Zerstörte Schulen wieder aufbauen und Kritik an Bundesregierung

Weltflüchtlingstag: Südwind fordert sichere Wege, Familiennachzug und politische Teilhabe; Jugend Eine Welt will Schulen im (bürger-)kriegszerstörten Äthiopien wieder aufbauen.

Anlässlich des Weltflüchtlingstags forderte die österreichische Menschenrechtsorganisation Südwind einen grundlegenden Kurswechsel in der Asyl- und Migrationspolitik – hin zu einer solidarischen Aufnahme, menschenwürdigen Unterbringung und aktiver gesellschaftlicher Teilhabe von Geflüchteten. „Flucht ist kein Verbrechen, sondern ein Menschenrecht. Die Bundesregierung muss auf sichere Fluchtwege, Integration und Mitbestimmung setzen, statt auf Symbolpolitik und leere Ankündigungen“, erklärt Stefan Grasgruber-Kerl, Kampagnenleiter bei Südwind. „Fluchtursachen zu bekämpfen heißt: Klimagerechtigkeit, internationale Solidaritätsarbeit und menschenrechtsbasierte Politik.“

Mehr als 120 Millionen Menschen auf der Flucht, zwei Drittel im eigenen Land

Anlässlich des Weltflüchtlingstages am 20. Juni (2001 zum 50. Geburtstag der Genfer Flüchtlingskonvention eingeführt) wurden die aktuellen Zahlen bekannt gegeben. Die für Flüchtlinge zuständige Organisation der Vereinten Nationen, UNHCR registriert mehr als 120 Millionen Menschen, die ihre unmittelbare Heimat verlassen mussten, wobei zwei Drittel Zuflucht im eigenen Land finden (müssen), 43 Millionen Menschen sind Geflüchtete in einem anderen Land. Die meisten von ihnen finden Schutz in Nachbarländern des Globalen Südens. Nur ein Bruchteil hat Zugang zu Asylverfahren in Staaten wie Österreich.
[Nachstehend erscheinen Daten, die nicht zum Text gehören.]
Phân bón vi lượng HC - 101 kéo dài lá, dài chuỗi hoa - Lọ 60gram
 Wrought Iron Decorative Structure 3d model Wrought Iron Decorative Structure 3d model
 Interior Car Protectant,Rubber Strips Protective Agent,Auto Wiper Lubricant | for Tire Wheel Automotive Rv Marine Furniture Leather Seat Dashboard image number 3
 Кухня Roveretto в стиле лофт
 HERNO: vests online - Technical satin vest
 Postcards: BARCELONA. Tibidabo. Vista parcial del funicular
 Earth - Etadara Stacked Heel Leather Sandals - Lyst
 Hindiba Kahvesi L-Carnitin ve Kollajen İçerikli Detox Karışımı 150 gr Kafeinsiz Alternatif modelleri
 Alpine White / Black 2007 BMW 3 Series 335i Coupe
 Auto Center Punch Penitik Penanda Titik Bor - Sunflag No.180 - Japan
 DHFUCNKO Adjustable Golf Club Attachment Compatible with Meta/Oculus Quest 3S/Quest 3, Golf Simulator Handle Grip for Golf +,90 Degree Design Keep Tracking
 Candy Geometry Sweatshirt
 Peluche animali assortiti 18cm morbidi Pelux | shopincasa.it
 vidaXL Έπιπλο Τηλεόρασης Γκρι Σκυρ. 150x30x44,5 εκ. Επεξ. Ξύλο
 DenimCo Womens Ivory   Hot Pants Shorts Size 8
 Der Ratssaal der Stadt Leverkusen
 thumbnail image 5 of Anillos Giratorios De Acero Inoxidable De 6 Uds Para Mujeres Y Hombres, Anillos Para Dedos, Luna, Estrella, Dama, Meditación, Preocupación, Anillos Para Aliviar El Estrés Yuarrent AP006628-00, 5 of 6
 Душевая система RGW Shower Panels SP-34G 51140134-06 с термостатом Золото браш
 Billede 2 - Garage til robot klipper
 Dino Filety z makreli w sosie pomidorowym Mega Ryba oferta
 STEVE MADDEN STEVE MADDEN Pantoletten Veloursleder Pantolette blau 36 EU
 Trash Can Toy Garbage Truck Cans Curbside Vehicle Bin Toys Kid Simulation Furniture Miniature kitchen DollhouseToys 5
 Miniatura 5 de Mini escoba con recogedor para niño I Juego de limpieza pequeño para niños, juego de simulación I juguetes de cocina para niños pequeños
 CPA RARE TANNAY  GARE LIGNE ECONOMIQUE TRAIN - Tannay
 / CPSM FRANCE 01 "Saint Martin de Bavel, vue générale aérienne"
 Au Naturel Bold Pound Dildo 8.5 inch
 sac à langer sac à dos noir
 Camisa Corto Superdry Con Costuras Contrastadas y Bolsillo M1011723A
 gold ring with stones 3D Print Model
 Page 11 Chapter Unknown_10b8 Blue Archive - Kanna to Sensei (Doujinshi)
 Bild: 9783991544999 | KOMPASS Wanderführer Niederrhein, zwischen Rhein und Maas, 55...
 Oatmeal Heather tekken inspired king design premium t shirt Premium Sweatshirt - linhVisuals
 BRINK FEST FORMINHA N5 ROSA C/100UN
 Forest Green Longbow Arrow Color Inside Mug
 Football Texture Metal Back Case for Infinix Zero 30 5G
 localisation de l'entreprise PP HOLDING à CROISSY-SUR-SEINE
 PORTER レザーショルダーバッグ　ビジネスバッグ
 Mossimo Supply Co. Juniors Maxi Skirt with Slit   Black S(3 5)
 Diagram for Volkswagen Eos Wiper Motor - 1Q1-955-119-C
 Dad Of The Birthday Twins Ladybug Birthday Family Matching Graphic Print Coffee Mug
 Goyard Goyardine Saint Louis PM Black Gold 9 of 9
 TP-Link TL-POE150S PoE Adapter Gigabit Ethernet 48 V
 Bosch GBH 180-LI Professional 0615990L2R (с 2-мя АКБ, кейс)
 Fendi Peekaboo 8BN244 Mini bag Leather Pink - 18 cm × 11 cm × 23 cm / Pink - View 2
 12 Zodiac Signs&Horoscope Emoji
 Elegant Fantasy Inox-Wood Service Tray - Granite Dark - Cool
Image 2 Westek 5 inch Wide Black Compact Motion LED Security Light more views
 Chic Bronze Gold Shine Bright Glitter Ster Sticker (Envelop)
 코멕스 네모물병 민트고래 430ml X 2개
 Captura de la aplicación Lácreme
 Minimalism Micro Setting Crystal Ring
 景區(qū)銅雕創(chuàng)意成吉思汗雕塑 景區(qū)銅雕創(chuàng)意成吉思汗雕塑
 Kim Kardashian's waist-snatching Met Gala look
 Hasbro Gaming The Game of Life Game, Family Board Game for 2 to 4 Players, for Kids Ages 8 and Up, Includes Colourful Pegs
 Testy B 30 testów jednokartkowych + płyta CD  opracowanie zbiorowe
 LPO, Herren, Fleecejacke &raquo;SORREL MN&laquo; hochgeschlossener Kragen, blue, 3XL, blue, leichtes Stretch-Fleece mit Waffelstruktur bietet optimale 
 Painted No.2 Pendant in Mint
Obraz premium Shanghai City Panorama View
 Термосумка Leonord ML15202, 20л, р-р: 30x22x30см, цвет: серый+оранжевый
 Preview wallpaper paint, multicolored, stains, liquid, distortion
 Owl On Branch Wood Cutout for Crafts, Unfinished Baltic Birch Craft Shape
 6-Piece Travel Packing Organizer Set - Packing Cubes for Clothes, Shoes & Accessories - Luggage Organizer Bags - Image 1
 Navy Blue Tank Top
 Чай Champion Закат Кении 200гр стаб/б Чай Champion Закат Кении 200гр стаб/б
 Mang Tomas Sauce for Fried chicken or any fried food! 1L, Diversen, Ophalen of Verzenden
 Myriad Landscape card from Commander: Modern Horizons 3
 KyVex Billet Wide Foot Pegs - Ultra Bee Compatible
Bau des Lagers Vastria auf der griechischen Insel Lesbos
Bau des Lagers Vastria auf der griechischen Insel Lesbos

Isolierte Lager erschweren unabhängige Kontrolle

Stellvertretend für die fehlgeleitete EU-Migrationspolitik nennt Südwind das neue Flüchtlingslager Vastria auf der griechischen Insel Lesbos. Das Nachfolgelager des berüchtigten Camps Moria liegt inmitten eines Hochrisikogebiets für Waldbrände und ist nur äußerst schwer erreichbar für externe Beobachter:innen. Hohe Sicherheitsmaßnahmen, eine abgelegene Lage und mangelnde Infrastruktur verhindern, dass NGOs und Medien Einblicke in die Zustände vor Ort bekommen. „Isolation schützt nicht vor Missständen. Flüchtlingsaufnahme darf nicht an den Rand gedrängt werden. Wir fordern offene, gut erreichbare Unterkünfte, die soziale und rechtliche Betreuung ermöglichen und keine Lager im Nirgendwo, die sich einer unabhängigen Kontrolle entziehen. Gleichzeitig braucht es sichere und legale Fluchtwege in die EU, etwa über Programme für humanitäre Aufnahme“, so Grasgruber-Kerl beim Lokalaugenschein auf der Insel anlässlich eines europäischen Netzwerktreffens der Grenzgemeinden und –inseln (BTIN) in der Gemeinde West-Lesbos.

Bürglkopf

Im Rahmen des – noch bis einschließlich Sonntag laufenden Jugend- und Kunstfestivals „Demokratie, was geht?“ gemeinsam mit der ÖH, der Österreichischen Hochschüler_innenschaft, wurde am Abend des Weltflüchtlingstages im Wiener Gartenbaukino der Film „Bürglkopf“ gezeigt, der seine Premiere bei der Diagonale im März in Graz hatte. Lisa Polster (Regie und Drehbuch – gemeinsam mit Maira Vazquez Leven) dokumentiert darin das Leben von geflüchteten Menschen in dem weit ab- bzw hochgelegenen „Rückkehrzentrum Bürglkopf“ (Tirol, 1300 Meter Seehöhe, stundenlanger Fußmarsch ins Tal. Isolation der einen, wenige Kilometer entfernt befördern Seilbahnen Tourist:innen auf Berggipfel. Insaßen arbeiten für 1,60 € pro Stunde…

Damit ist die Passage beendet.